The royal historian continued: “I mean, the thing is the royal family’s motto has always been, ‘Never complain, never explain.’ And that’s done very well [for them], but you do wonder when a member of a royal family is not playing by the same rules as you, how well it’s going to go in the long term because it was the same thing with Duke of Windsor. He wasn’t playing by any of the established rules because they’d all been torn up for him. So he was a complete loose cannon and so there wasn’t an awful lot and his family could do in order to reign him in. Because if you can’t take some of these’s money away [or] you can’t take a very royal status away, what can you do?”
Edward VIII was previously the king of England before he abdicated the throne in December 1936 in order to marry American divorcée Wallis Simpson. At that point, Queen Elizabeth II’s father, King George VI, ascended the throne. Edward’s abdication soon sparked a rift with his younger brother, similarly to the Duke of Sussex and the Prince of Wales’ own sibling feud.
William, 40, and Harry, 38, have been at odds since 2019 when they officially split their royal households upon the younger duke’s wedding to Meghan Markle. Tensions heightened when Harry and the 41-year-old Suits alum announced in 2020 that they were stepping down from their positions as senior working royals.
“Part of this role and part of this job, this family, being under the pressure that it’s under, inevitably stuff happens,” the Invictus Games founder — who shares Prince Archie, 3, and Princess Lilibet, 21 months, with Meghan — said in 2019’s Harry & Meghan: An African Journey documentary. “But look, we’re brothers, we’ll always be brothers. We’re certainly on different paths at the moment but I’ll always be there for him and as I know he’ll always be there for me. … We don’t see each other as much as we used to because we’re so busy, but I love him dearly.”
Harry continued to disclose details of the brothers’ rift in his Harry & Meghan docuseries and Spare memoir, which were released in December 2022 and January 2023, respectively. In one passage of his book, the military veteran even alleged that the Duke of Cornwall had knocked him down in a fight and broke his necklace.
“What was different here was this level of frustration, and I talk about the ‘red mist’ that I had for so many years — and I saw this ‘red mist’ in him,” Harry claimed in his ITV sit-down with presenter Tom Bradby in January. “He wanted me to hit him back, but I chose not to.”
While William has yet to publicly respond to his younger sibling’s claims, a source told Us that he has not made any efforts to reopen the lines of communication. “William feels that Harry is all smoke and mirrors and is not to be trusted. He’s trying to move on with his life,” the insider told Us last month, adding that “there has been a massive breach of trust.”
Larman, for his part, further speculated about what it would take to get the two sons of King Charles III and his late ex-wife, Princess Diana, to hash out their differences.

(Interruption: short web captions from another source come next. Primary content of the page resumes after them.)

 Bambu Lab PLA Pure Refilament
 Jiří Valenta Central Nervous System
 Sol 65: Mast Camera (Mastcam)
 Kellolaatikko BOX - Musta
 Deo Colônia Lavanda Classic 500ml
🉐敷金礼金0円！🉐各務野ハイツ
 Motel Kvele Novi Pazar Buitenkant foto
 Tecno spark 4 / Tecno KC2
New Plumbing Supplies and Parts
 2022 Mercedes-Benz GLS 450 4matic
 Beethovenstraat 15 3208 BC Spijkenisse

“I honestly don’t know,” the author told Us on Wednesday. “I can’t see in the current situation how he’s ever going to have any sort of relationship with any of [the royals]. And it’s that thing that was revealed [in his book that] apparently King Charles said, ‘Don’t make my last years difficult ones’ because he’s not an old man. He’s not a young man either and we have no idea how long he’s gonna be king for. He’s certainly not gonna be as long as his mother was queen.”
Larman added: “And so after that when the Prince of Wales becomes king if he’s still estranged from his younger brother that’s going to be a very old state of affairs, isn’t it?”